• _Material provided_:
▽

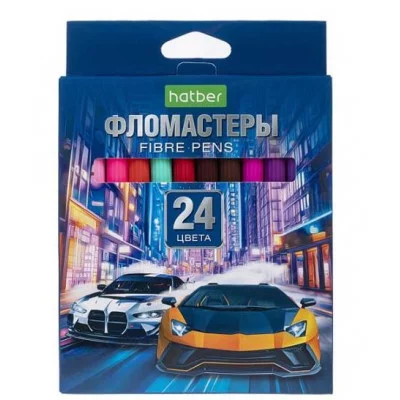 Фломастеры 24цв "Дрифт" смываемые вент колп карт упак  HATBER-ECO_ FP_089909 232457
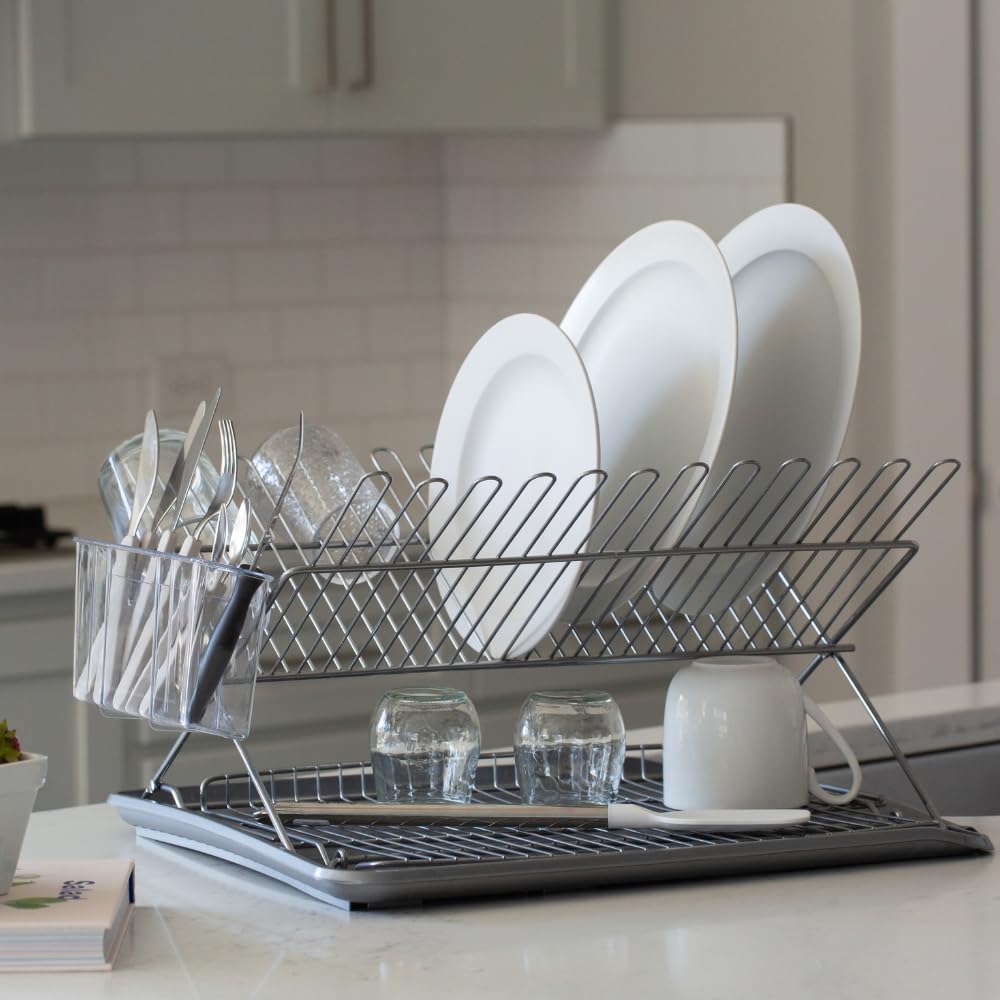 Better Houseware Dish Drainer Mat slim profile fits under sinks or in cabinets.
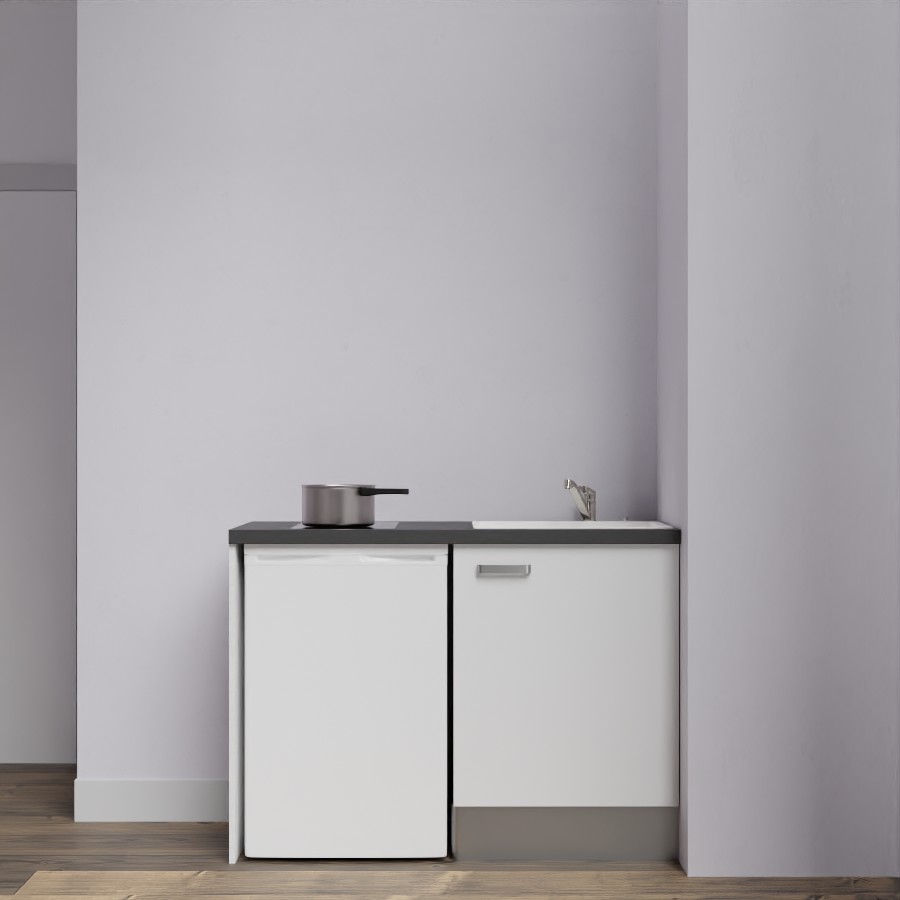 Kitchenette 120 cm K08L meuble sous évier blanc avec plan de travail noir et évier blanc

△

• _What to work on_: Exactly as given, set down each line of the material, but include no pictures.

• _Task solution_:
 Фломастеры 24цв "Дрифт" смываемые вент колп карт упак  HATBER-ECO_ FP_089909 232457
 Better Houseware Dish Drainer Mat slim profile fits under sinks or in cabinets.
 Kitchenette 120 cm K08L meuble sous évier blanc avec plan de travail noir et évier blanc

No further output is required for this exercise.